Instructions for the task
Using the material that follows, output exactly the lines from the one containing "Costata Corta ·" through the one containing "A clock hanging from the ceiling of a transit terminal. A", with both ends kept.

Supplied material
= Beginning of Section =

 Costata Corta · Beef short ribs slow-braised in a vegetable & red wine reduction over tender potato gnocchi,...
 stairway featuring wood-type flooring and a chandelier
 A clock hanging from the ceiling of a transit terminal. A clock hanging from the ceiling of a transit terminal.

= End of Section =
= Beginning of Section =

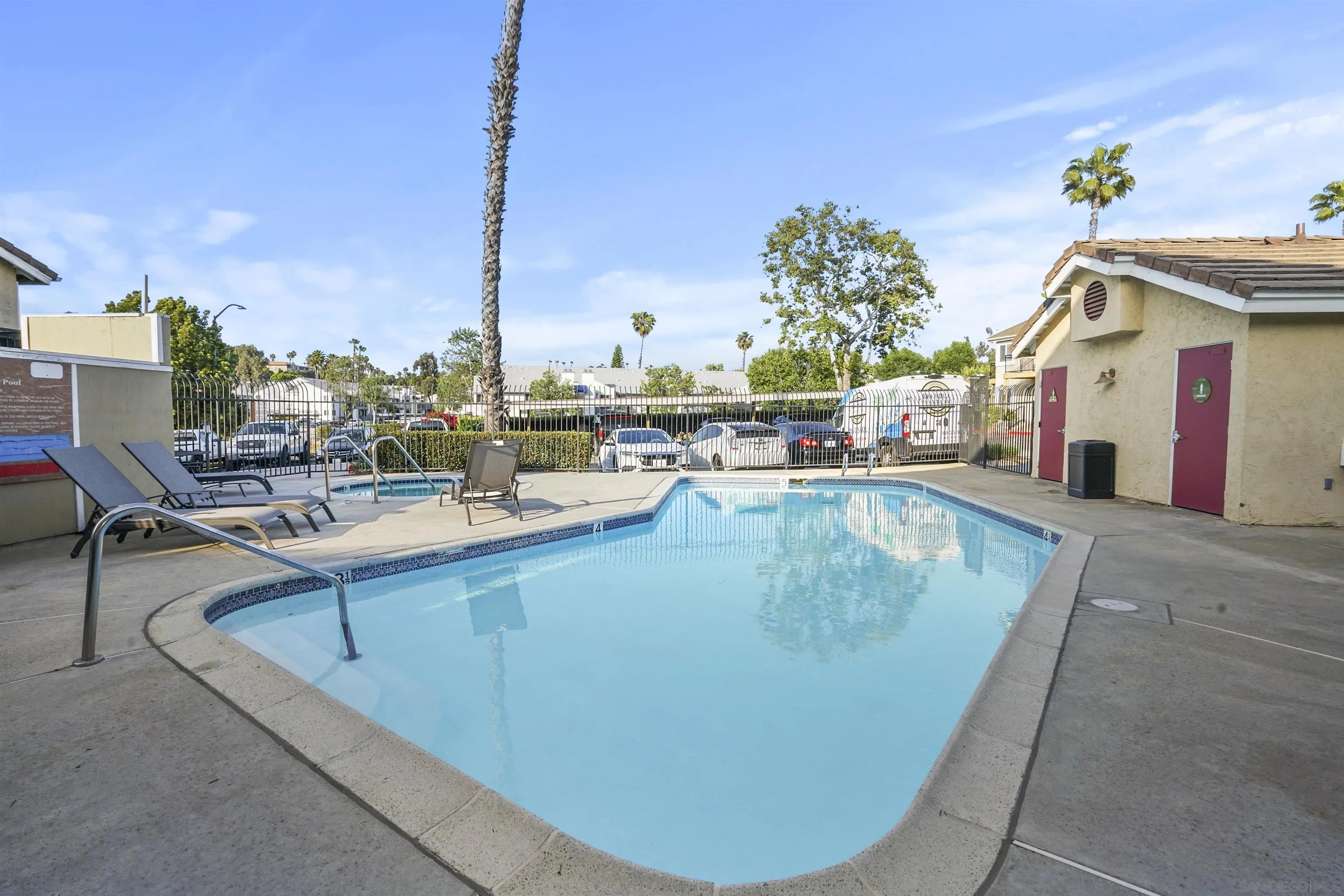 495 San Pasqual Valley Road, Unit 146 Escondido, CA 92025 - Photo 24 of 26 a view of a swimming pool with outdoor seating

= End of Section =

Exercise output
 Costata Corta · Beef short ribs slow-braised in a vegetable & red wine reduction over tender potato gnocchi,...
 stairway featuring wood-type flooring and a chandelier
 A clock hanging from the ceiling of a transit terminal. A clock hanging from the ceiling of a transit terminal.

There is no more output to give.